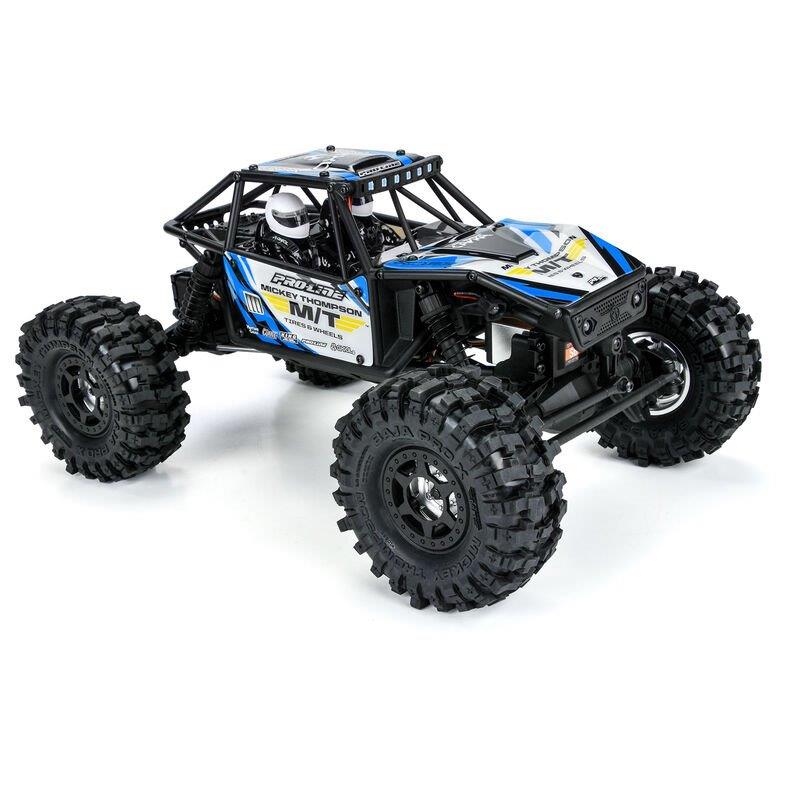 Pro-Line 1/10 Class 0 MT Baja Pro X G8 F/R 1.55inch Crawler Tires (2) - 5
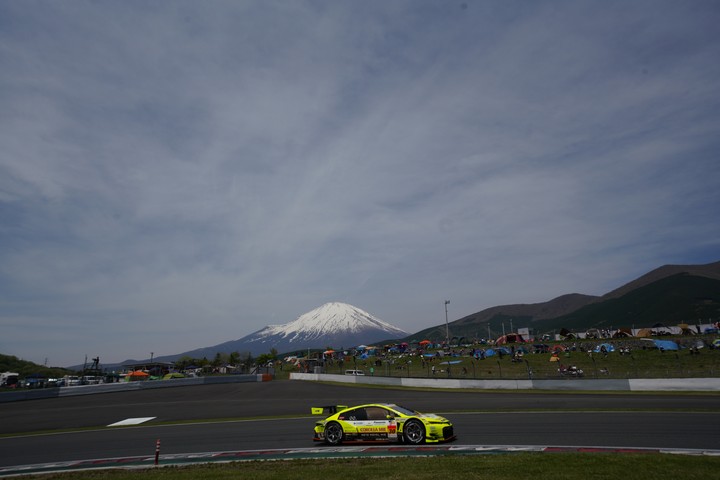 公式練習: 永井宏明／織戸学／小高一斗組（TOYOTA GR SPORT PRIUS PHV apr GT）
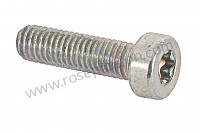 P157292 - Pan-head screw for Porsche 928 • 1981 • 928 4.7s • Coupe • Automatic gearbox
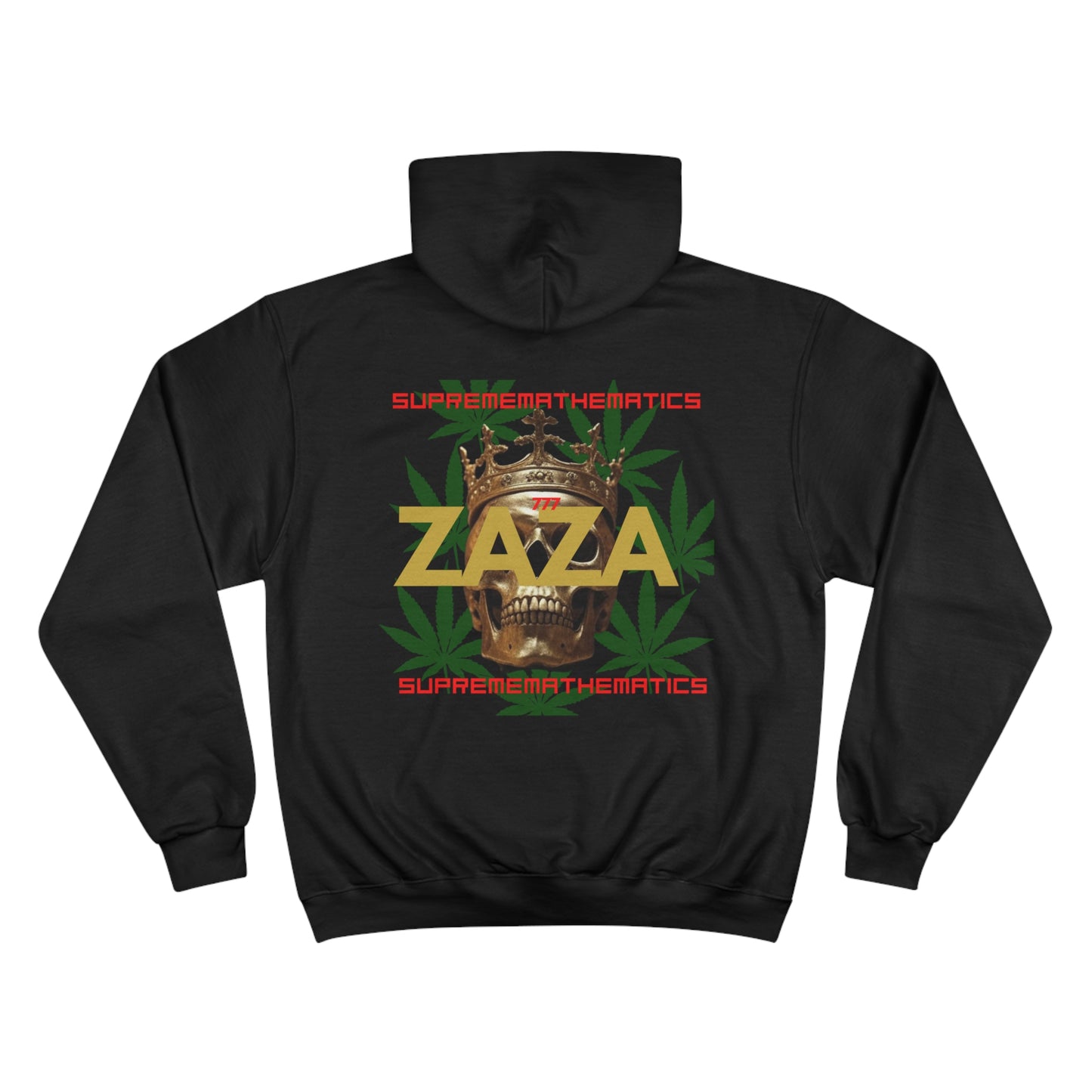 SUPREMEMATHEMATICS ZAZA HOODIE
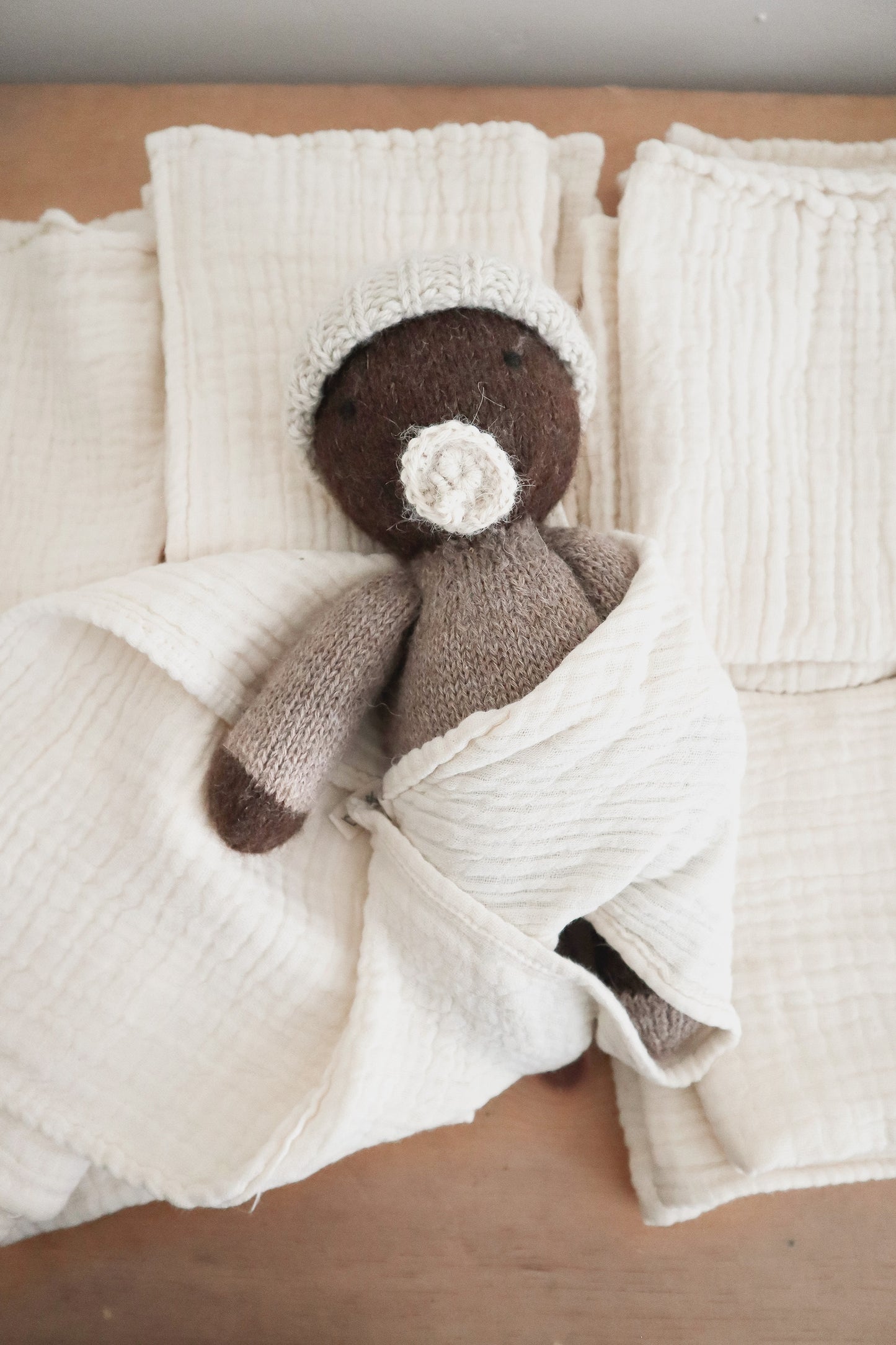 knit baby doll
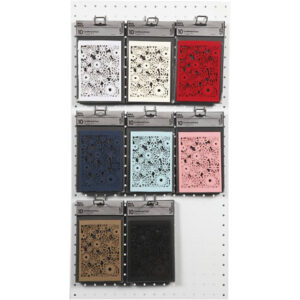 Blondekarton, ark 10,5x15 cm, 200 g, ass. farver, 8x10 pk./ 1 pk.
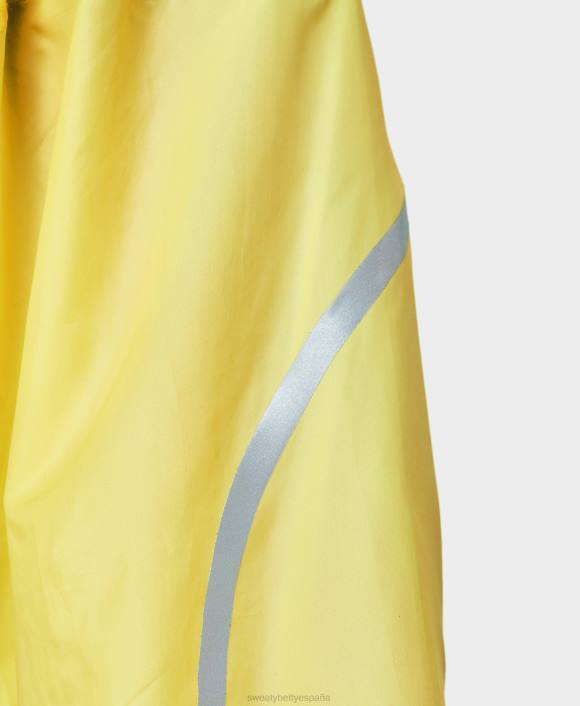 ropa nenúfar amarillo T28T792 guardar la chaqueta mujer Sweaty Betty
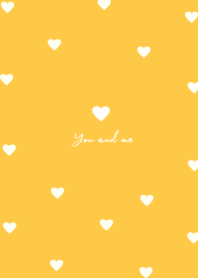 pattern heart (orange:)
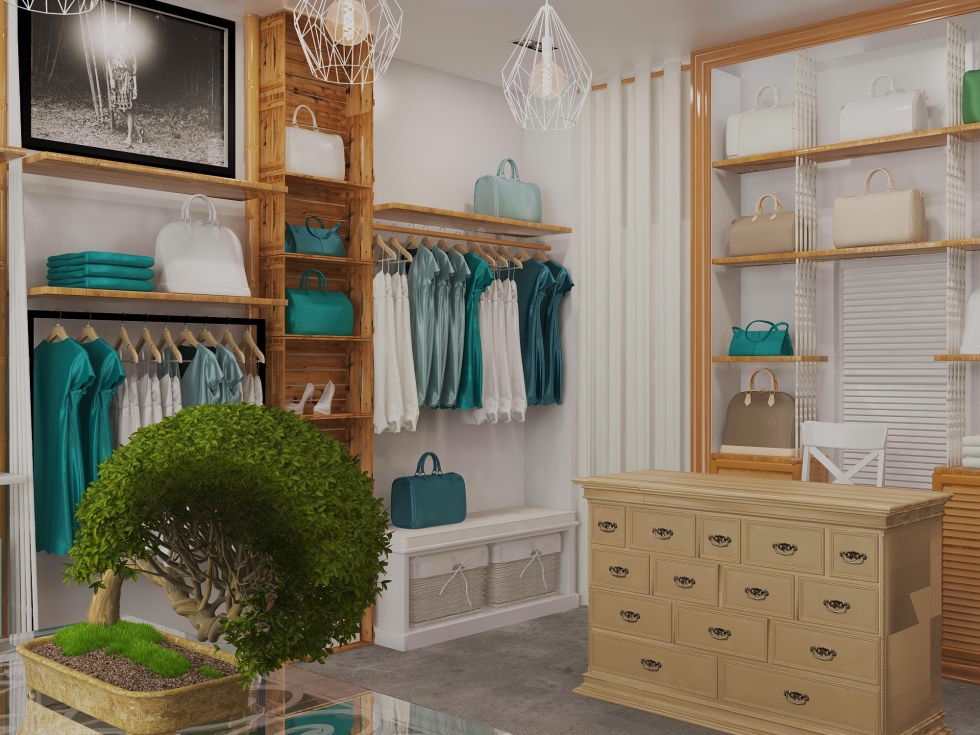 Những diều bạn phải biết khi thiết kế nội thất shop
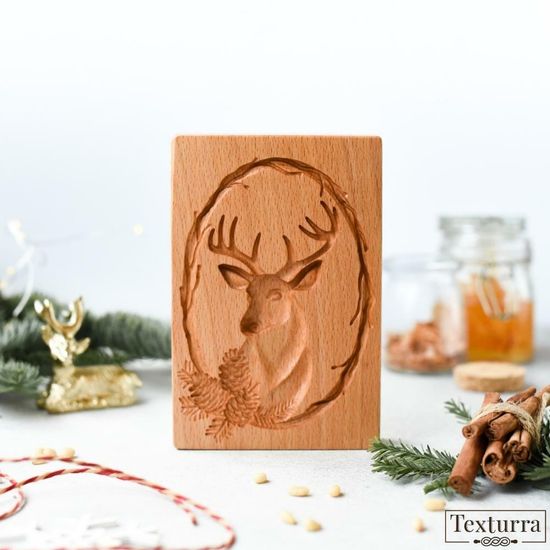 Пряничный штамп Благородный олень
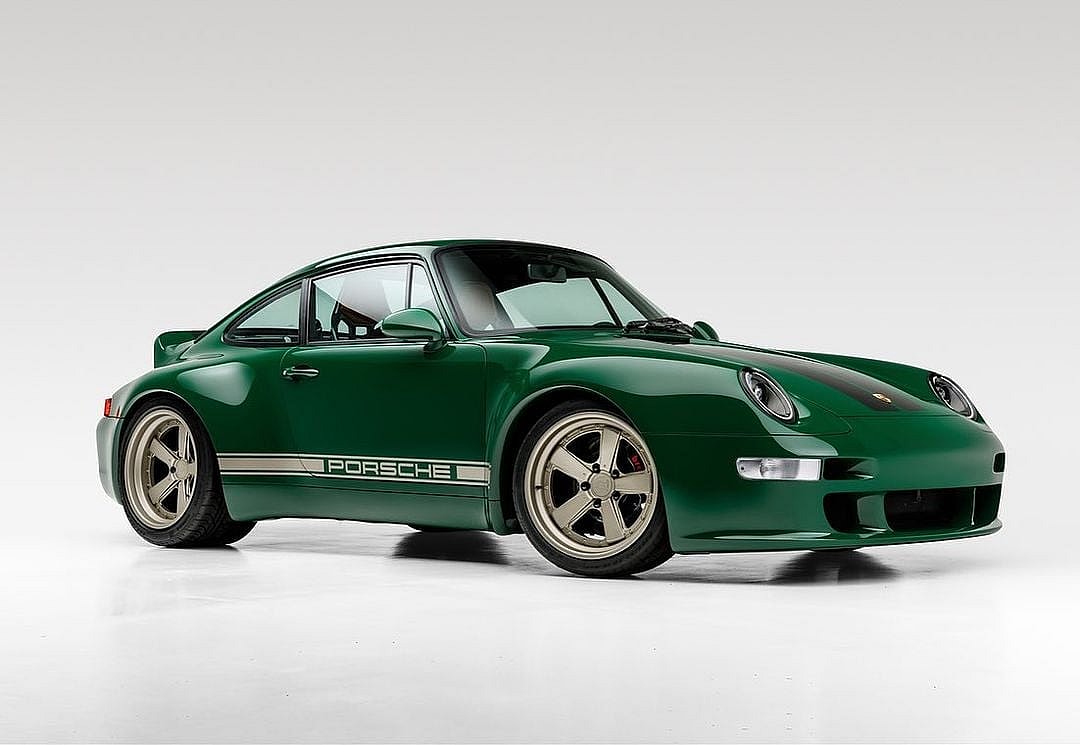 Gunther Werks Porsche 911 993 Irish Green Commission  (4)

====

**ABOUT THIS EXERCISE:** The records above are to be transcribed exactly, with every picture left out.

**ANSWER TO THIS PROBLEM:**
 Pro-Line 1/10 Class 0 MT Baja Pro X G8 F/R 1.55inch Crawler Tires (2) - 5
 公式練習: 永井宏明／織戸学／小高一斗組（TOYOTA GR SPORT PRIUS PHV apr GT）
 P157292 - Pan-head screw for Porsche 928 • 1981 • 928 4.7s • Coupe • Automatic gearbox
 SUPREMEMATHEMATICS ZAZA HOODIE
 knit baby doll
 Blondekarton, ark 10,5x15 cm, 200 g, ass. farver, 8x10 pk./ 1 pk.
 ropa nenúfar amarillo T28T792 guardar la chaqueta mujer Sweaty Betty
 pattern heart (orange:)
 Những diều bạn phải biết khi thiết kế nội thất shop
 Пряничный штамп Благородный олень
 Gunther Werks Porsche 911 993 Irish Green Commission  (4)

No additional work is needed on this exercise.